Don and Kelley Fairall-Fifer
The Passion of Three…Academics. Athletics. Family.
The Iowa Hawkeyes’ commitments align with the Fifer’s passions.
Following an NCAA Regionals appearance last season, optimism is at an all-time high as head coach Rick Heller enters his third season at the helm of University of Iowa baseball. The rebirth of Hawkeye baseball has coincided with renovations to Duane Banks Field, which have been made possible by contributions from loyal and generous UI athletics donors.
Don Fifer (1986 B.B.A., 2000 M.B.A.) and Kelley Fairall-Fifer (1986 B.B.A.) have been major supporters of the restoration. Supporting the black and gold and giving back is simply a way of life for their family.
“I met Kelley when I transferred to Iowa after my sophomore year,” said Don. “Her entire family were avid Hawkeye fans and supporters. It started with Kelley’s parents, Charlie and Judy. Their family legacy of giving back has always been very special and important.”
Kelley’s ties to Iowa run deep—starting with her grandfather, Loyal (1934 B.A.), and continuing with her father, Charlie (1959 B.S.C., 1962 J.D.). Today, the family legacy spans four generations, with two of Don and Kelley’s children—Ashlee (2005 B.A., 2005 B.S.N.) and Brendon (2015 B.S., B.A.)—receiving degrees from Iowa as well. Kelley’s passion for the Hawkeyes developed as a youngster, and it continued as a student in Iowa City.
“When I went to school here, everybody went to the games,” said Kelley. “There was no question. I have kept up with that over the years. I wouldn’t miss it. I love going to home, away, and bowl games—enjoy them all.”
“It became even more special after my father passed away and I realized all the black and gold that was at his funeral. I was going through his memorabilia and remembering the first time I ever went to a game, which was probably when I was seven years old. As the oldest child, I always got to go with my father because my mother stayed home with the rest of my siblings. It is one of the key reasons I bleed black and gold,” Kelley says with a smile.
Because of this strong passion and deep connection to Iowa, Don and Kelley established an endowed athletic scholarship in honor of Kelley’s father.
“After Kelley’s father passed away, we wanted to create an opportunity to show the Hawkeye family how important UI athletics has been to our family and continue Charlie’s life through giving back,” said Don.
“Giving back has always been a family thing,” said Kelley. “I may not have realized it when I was younger, but my grandfather and then my father set examples for us as they were always helping out our own community of Marshalltown.”

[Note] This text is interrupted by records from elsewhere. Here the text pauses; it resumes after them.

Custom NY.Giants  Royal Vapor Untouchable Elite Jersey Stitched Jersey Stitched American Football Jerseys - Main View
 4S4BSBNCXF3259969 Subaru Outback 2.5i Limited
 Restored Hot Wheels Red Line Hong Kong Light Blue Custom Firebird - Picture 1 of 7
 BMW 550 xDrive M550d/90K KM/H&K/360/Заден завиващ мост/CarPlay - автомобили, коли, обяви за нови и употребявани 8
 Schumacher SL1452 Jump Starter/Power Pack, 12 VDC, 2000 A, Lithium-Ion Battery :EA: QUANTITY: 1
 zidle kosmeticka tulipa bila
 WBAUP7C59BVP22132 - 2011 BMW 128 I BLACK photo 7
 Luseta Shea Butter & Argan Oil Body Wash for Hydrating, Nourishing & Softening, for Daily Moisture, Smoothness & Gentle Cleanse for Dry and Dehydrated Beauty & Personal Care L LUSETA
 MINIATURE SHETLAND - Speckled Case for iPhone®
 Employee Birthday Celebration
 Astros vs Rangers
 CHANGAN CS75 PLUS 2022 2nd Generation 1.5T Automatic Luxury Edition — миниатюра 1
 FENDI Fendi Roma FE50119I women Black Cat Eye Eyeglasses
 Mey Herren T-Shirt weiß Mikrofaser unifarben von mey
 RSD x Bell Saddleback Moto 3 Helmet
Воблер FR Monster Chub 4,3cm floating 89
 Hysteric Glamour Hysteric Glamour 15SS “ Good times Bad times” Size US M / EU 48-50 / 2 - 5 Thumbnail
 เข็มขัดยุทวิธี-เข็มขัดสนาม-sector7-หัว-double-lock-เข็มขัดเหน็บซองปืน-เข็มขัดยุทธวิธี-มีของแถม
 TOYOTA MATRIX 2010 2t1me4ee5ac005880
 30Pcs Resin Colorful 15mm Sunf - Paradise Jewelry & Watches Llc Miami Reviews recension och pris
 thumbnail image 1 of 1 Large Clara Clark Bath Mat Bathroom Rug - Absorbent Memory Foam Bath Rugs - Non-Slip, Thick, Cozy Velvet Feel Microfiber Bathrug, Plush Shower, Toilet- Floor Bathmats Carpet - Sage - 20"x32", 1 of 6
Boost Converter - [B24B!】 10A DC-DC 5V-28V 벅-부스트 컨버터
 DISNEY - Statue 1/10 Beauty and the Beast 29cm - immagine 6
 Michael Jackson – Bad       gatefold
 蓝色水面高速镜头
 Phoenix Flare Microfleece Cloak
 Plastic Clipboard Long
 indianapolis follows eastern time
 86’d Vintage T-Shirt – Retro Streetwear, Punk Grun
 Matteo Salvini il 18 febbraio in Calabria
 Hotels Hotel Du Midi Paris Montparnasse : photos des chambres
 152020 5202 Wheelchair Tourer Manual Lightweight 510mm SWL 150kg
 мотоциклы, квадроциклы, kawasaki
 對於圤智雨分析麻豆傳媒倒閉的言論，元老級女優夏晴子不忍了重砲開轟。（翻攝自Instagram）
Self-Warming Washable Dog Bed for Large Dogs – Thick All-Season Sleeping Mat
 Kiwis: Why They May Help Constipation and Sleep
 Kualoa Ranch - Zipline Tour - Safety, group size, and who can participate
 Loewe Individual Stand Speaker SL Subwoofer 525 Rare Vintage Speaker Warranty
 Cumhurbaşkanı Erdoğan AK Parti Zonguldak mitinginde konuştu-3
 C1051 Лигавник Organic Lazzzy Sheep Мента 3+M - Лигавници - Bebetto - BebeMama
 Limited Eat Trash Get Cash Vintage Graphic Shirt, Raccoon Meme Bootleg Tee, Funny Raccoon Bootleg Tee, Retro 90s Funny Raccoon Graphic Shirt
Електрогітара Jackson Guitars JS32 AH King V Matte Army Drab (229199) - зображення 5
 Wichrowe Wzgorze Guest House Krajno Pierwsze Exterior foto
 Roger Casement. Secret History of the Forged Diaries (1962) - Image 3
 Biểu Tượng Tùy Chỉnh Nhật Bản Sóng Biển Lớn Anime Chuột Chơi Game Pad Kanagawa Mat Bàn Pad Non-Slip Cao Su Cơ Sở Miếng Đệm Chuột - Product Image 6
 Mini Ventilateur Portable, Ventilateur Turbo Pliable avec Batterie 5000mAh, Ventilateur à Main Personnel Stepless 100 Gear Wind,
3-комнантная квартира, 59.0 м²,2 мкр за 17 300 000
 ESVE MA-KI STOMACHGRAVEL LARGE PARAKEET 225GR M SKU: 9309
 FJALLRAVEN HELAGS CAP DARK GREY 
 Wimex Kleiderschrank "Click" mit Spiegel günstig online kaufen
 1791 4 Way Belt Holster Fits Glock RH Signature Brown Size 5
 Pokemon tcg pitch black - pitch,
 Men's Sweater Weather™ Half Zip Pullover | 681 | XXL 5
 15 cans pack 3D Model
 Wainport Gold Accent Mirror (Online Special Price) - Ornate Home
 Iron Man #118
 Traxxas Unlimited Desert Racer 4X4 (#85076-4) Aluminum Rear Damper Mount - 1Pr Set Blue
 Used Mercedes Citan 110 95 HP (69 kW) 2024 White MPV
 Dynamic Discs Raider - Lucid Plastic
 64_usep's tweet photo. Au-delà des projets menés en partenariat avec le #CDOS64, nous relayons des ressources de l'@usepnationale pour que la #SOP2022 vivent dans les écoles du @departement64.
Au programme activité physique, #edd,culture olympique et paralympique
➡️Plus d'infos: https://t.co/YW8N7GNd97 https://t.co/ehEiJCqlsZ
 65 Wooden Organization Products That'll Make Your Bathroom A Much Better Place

UI men’s swimmer Jackson Halsmer was the 2014-15 recipient of the Charles F. Fairall Athletic Scholarship, while wrestler Aaron Meyer earned the scholarship in 2015-16.
“It was really rewarding when the Charles Fairall Athletic Scholarship was awarded for the first time,” said Kelley. “We were thrilled to meet the student-athlete. He was so grateful; it was awesome.
“The endowed scholarship is something that will last forever. I hope that our children and grandchildren will realize that is grandpa and great grandpa; perhaps leading by example, they will want to do the same thing. That would be our greatest dream is that our children and their children keep giving.”
Don and Kelley—Kinnick Society Gold I-Club donors for a number of years—have developed a deeper appreciation for UI student-athletes since giving back to the Hawkeyes.
“It has been really fun for us as a family to get to know the Hawkeye athletic department on a different level,” said Don. “Then, getting a chance to meet the student-athletes, the people who you are actually impacting; you can see they really appreciate it.
“Academics are really important to both Kelley and I and (Hawkeye) athletics is significant in our lives. When you combine athletics, academics, and family together, now those are three very important passions of ours.”
Those passions match the commitments of Iowa athletics: Win. Graduate. Do it Right.
“An education is something no one can take away from you,” said Kelley. “When you are no longer able to play, what you take away from the University of Iowa is an education, first and foremost. We support student-athletes. We strongly believe in that, and support it at every level. It’s a huge step to go from high school to college athletics. To be able to make it a little easier for student-athletes who go above and beyond, we feel privileged to help in their journey.”